▶ **MATERIAL PROVIDED**:
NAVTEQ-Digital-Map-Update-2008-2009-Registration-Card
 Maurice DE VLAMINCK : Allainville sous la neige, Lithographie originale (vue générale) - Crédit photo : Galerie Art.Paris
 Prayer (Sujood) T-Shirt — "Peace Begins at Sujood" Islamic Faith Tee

▶ **EXERCISE DIRECTIONS**:
The answer should be the full listing, repeated without any change.

▶ **COMPLETED EXERCISE**:
NAVTEQ-Digital-Map-Update-2008-2009-Registration-Card
 Maurice DE VLAMINCK : Allainville sous la neige, Lithographie originale (vue générale) - Crédit photo : Galerie Art.Paris
 Prayer (Sujood) T-Shirt — "Peace Begins at Sujood" Islamic Faith Tee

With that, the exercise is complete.